**Task details**:
Nothing but the lines from the one with "The exterior, as" through the end of the data should be set down, each exactly as written, and no picture should be included.
─── Information shown
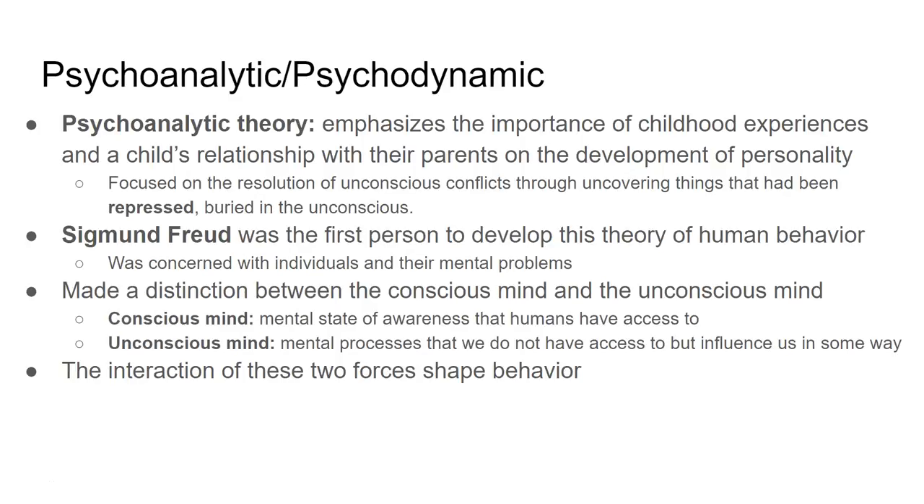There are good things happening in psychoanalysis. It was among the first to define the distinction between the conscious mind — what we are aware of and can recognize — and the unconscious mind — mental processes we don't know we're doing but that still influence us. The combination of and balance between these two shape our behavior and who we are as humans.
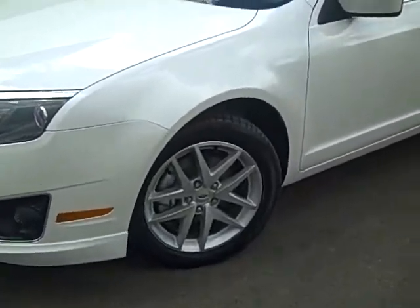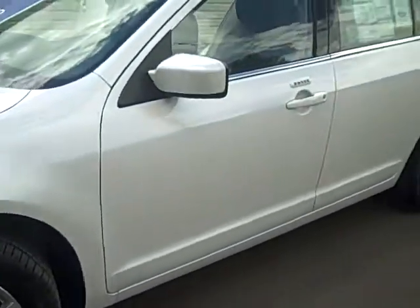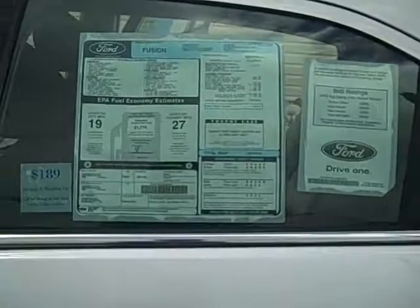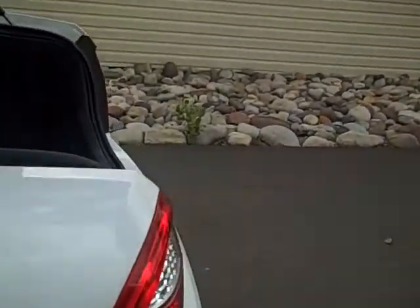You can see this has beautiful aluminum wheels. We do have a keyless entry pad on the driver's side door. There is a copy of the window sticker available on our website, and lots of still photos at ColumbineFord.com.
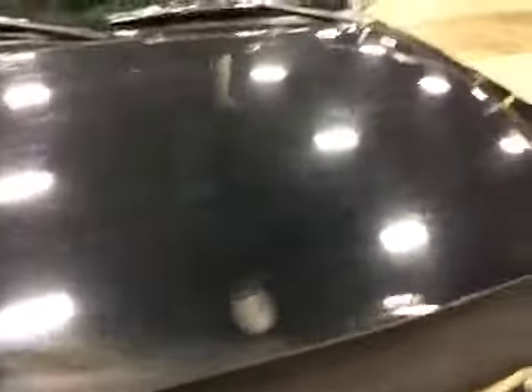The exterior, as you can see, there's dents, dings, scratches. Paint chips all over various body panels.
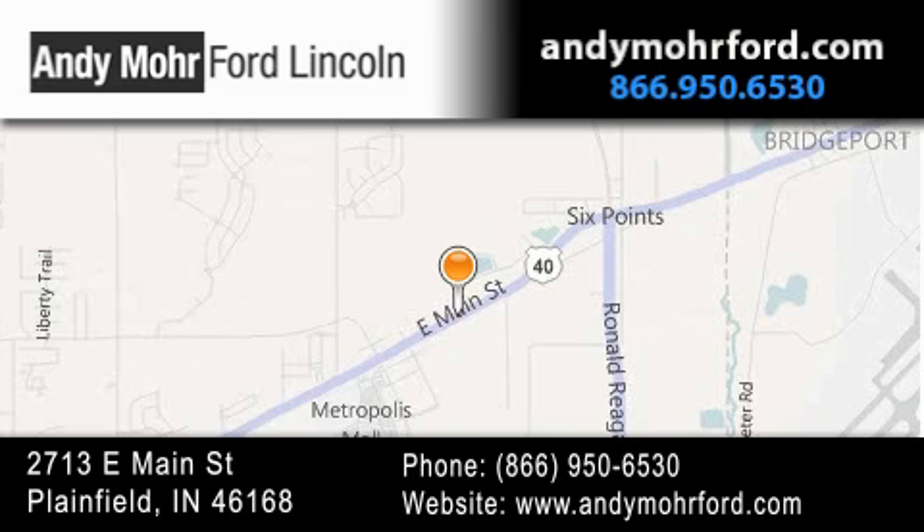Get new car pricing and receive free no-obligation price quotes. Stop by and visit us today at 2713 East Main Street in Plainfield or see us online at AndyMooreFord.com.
──────
**Answer to the exercise**:
The exterior, as you can see, there's dents, dings, scratches. Paint chips all over various body panels.
Get new car pricing and receive free no-obligation price quotes. Stop by and visit us today at 2713 East Main Street in Plainfield or see us online at AndyMooreFord.com.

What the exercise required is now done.